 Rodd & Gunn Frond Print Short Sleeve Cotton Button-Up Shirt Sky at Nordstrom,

═══

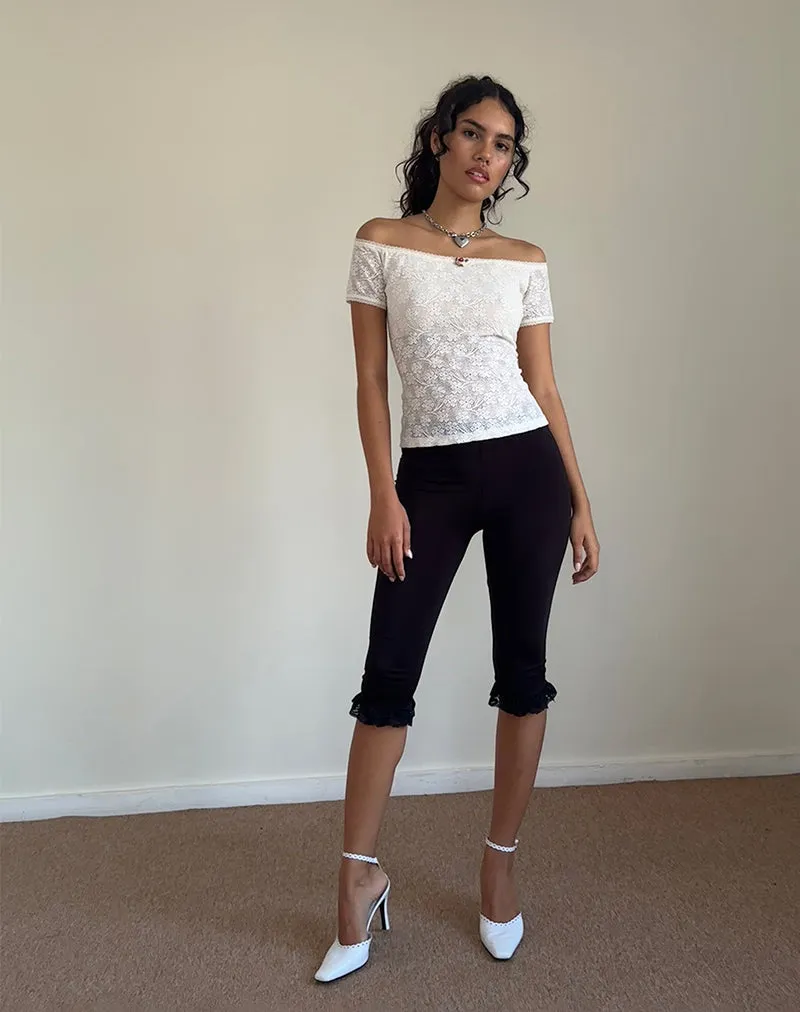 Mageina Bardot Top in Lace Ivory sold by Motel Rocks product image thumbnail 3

═══

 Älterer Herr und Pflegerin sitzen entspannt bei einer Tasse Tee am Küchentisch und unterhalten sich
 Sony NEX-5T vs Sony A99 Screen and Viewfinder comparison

═══

__GOAL OF THE EXERCISE__
Taking the lines above, repeat exactly those from the line that contains "Älterer Herr und" through the line that contains "Sony NEX-5T vs", and both of those lines as well. Include nothing else.

__COMPLETED EXERCISE__
 Älterer Herr und Pflegerin sitzen entspannt bei einer Tasse Tee am Küchentisch und unterhalten sich
 Sony NEX-5T vs Sony A99 Screen and Viewfinder comparison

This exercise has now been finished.